* **Problem to work on**: The data must be given again exactly as written, with all images omitted.

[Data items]
★ ★ ★ ★

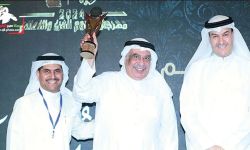 الفنان القطري غازي حسين يفوز بجائزة أفضل ممثل خليجي عن دوره بمسلسل "الفرج بعد الشدة"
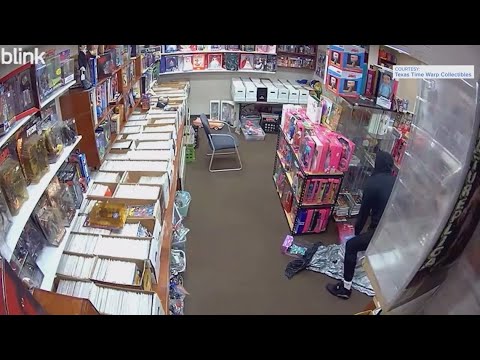 Suspects accused of stealing comics from Houston store busted while trying to sell them
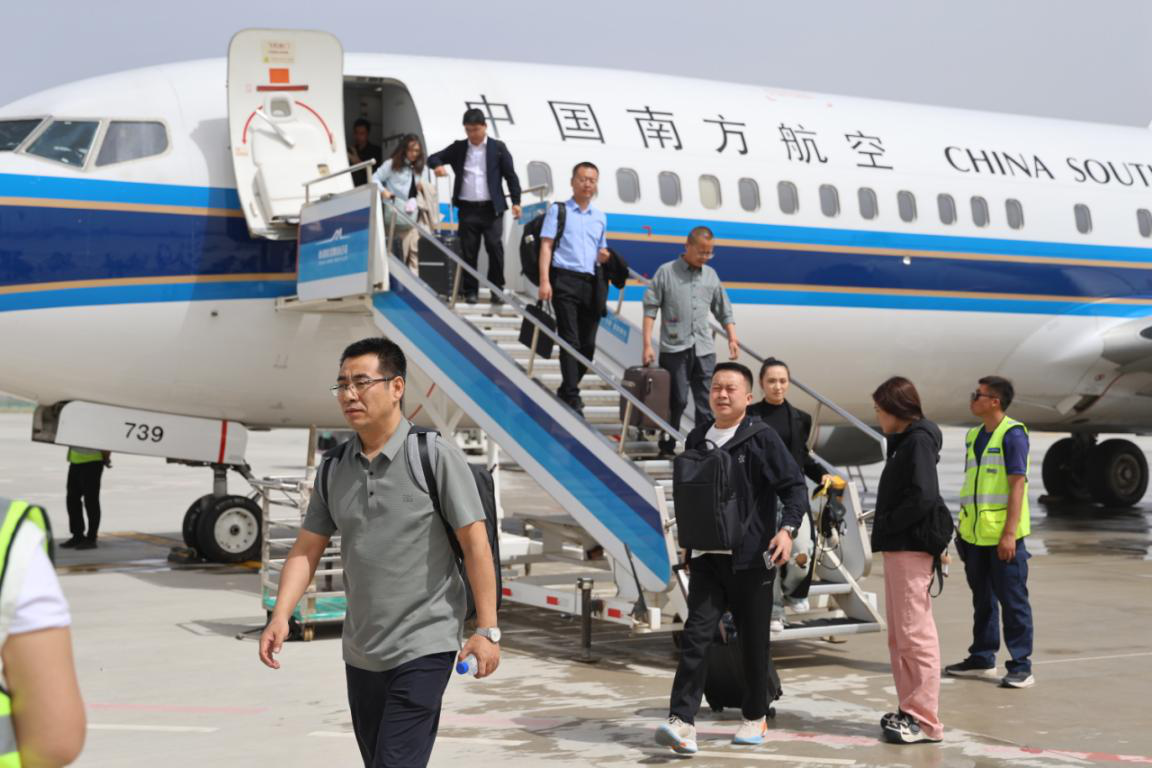 乘客走下飞机 (克德尔娅·艾买提 摄)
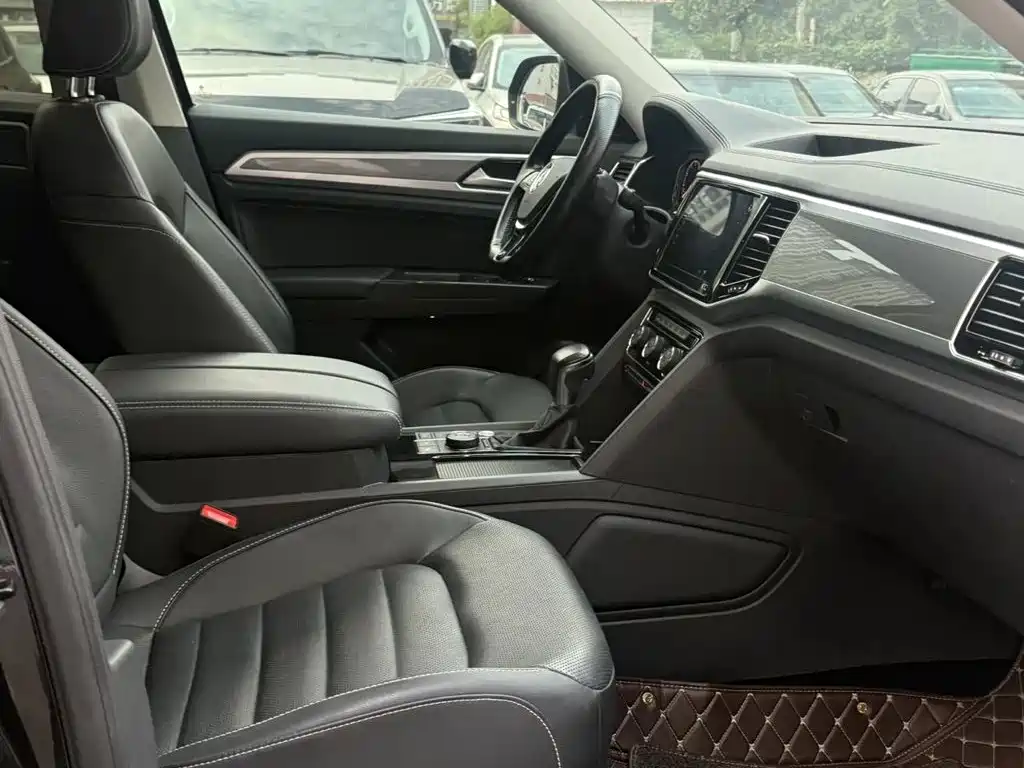 Volkswagen Teramont — миниатюра 3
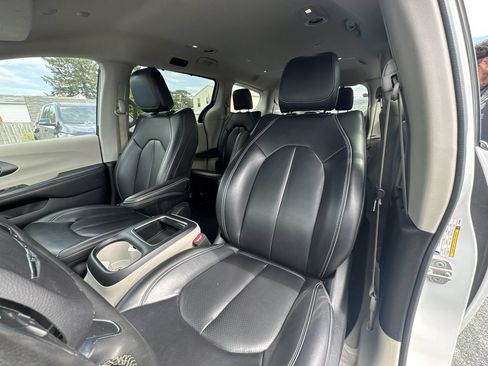 Used 2023 Chrysler Pacifica Touring-L FWD image 2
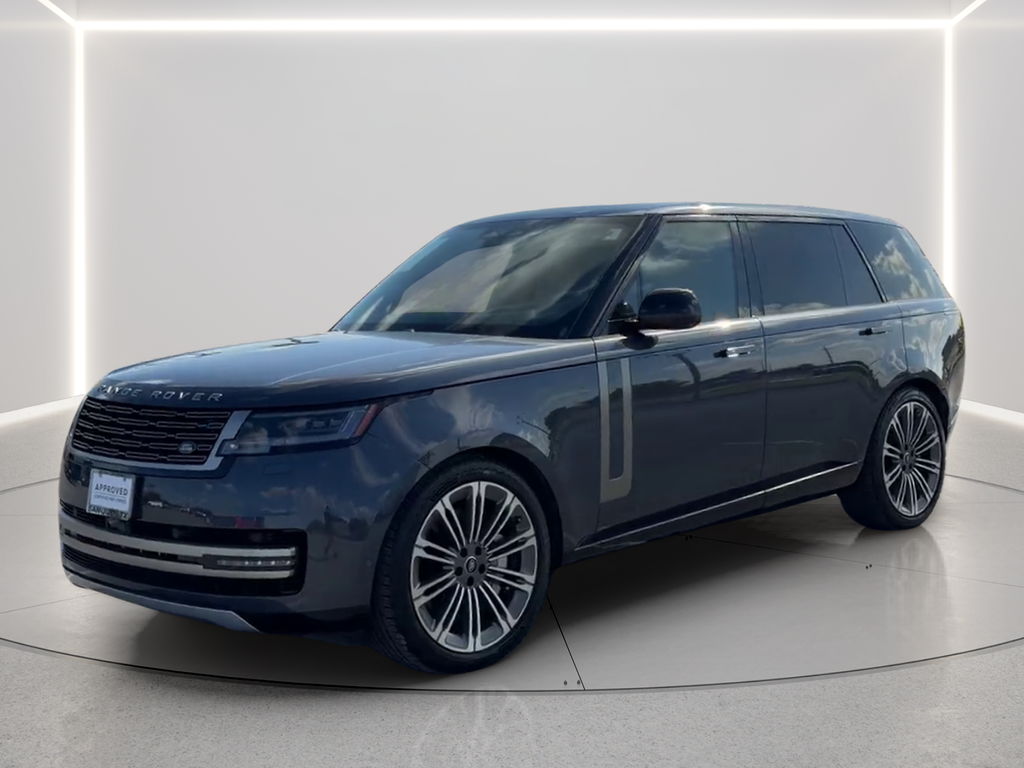 Used 2024 Blue Land Rover SE image 1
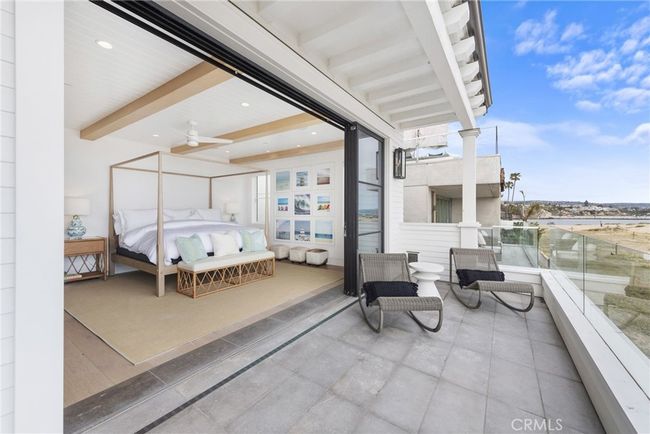 2148 E Oceanfront, House other with 5 bedrooms, 5 bathrooms and 3 parking in Newport Beach CA | Image 38
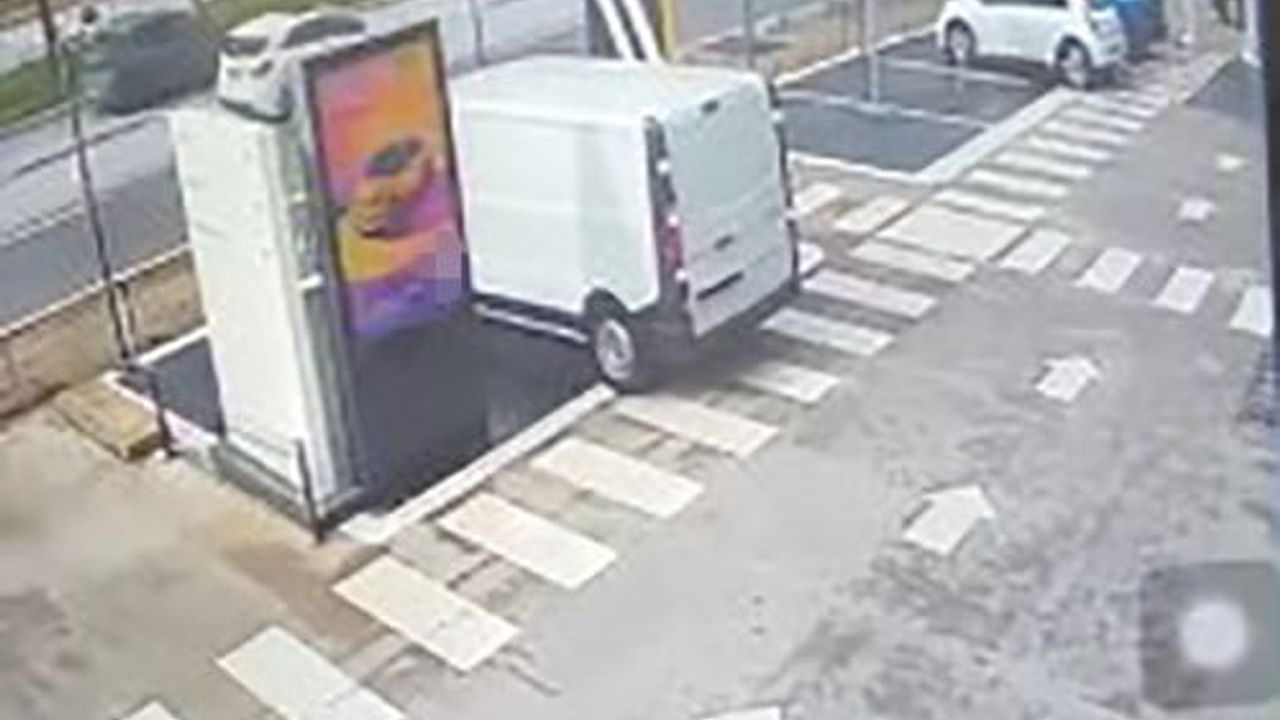 Alanya'da Motosiklet Kazası Güvenlik Kamerasında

★ ★ ★ ★

* **Output of the exercise**:
 الفنان القطري غازي حسين يفوز بجائزة أفضل ممثل خليجي عن دوره بمسلسل "الفرج بعد الشدة"
 Suspects accused of stealing comics from Houston store busted while trying to sell them
 乘客走下飞机 (克德尔娅·艾买提 摄)
 Volkswagen Teramont — миниатюра 3
 Used 2023 Chrysler Pacifica Touring-L FWD image 2
 Used 2024 Blue Land Rover SE image 1
 2148 E Oceanfront, House other with 5 bedrooms, 5 bathrooms and 3 parking in Newport Beach CA | Image 38
 Alanya'da Motosiklet Kazası Güvenlik Kamerasında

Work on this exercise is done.